IMDb Co-Starring Network Data
Product Reviews & Feedback
Tags and Keywords
Trusted By




"No reviews yet"
Free
About
Explore the professional relationships among actors in the Bollywood film industry using an undirected graph model. The data maps the collaboration network of actors based on their shared appearances in Bollywood movies released from the year 2005 onwards. Connections are weighted by the frequency of co-starring, offering insight into the proximity and strength of professional bonds. This resource is an invaluable tool for analysts studying industry sociology and performing social graph simulations.
Columns
The dataset is structured as an edge list detailing actor pairings and the bond between them:
- actor1 id (From): The unique identifier for the originating actor in the pair.
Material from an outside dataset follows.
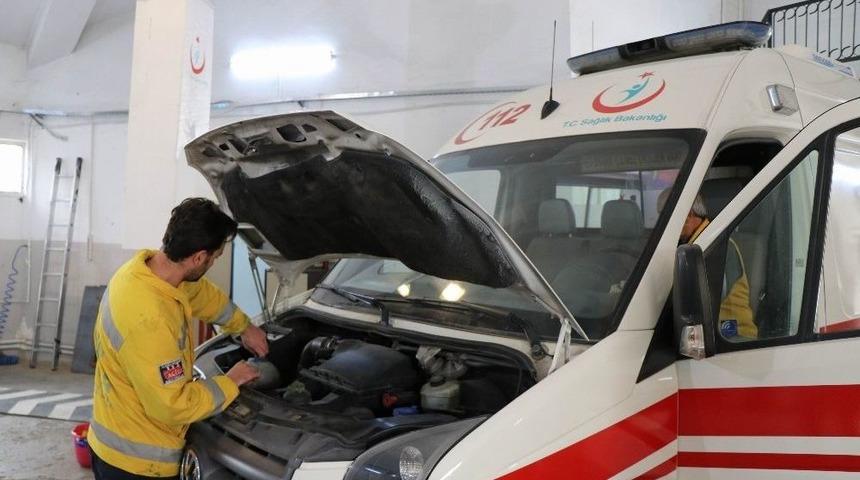 Sağlık M&uuml;d&uuml;rl&uuml;ğ&uuml; Kendi Ambulans Tamirhanesini Kurdu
This field contains 23,814 unique actor identifiers.
- actor2 id (To): The unique identifier for the connecting actor in the pair. This field contains 30,170 unique actor identifiers.
- number of common movies (Strength): The metric quantifying the relationship, representing the exact count of films shared by the two listed actors. The minimum strength observed is 1, and the maximum is 15.
Distribution
The data is supplied in a CSV file format named
imdb_edgelist.csv, with a file size of 2.28 MB. It consists of 102,000 valid records (edges) detailing the connections between actors. The structure is based on an undirected graph, and all records are valid with no missing or mismatched entries observed.Usage
This dataset is perfect for applying social network analysis (SNA) techniques to a real-world cultural domain. Ideal applications include:
- Creating visualisations of central actors and collaboration clusters within Bollywood cinema.
- Developing simulations and models of professional networks in the arts and entertainment sectors.
- Analysing network density and connectivity changes within the Indian film industry since 2005.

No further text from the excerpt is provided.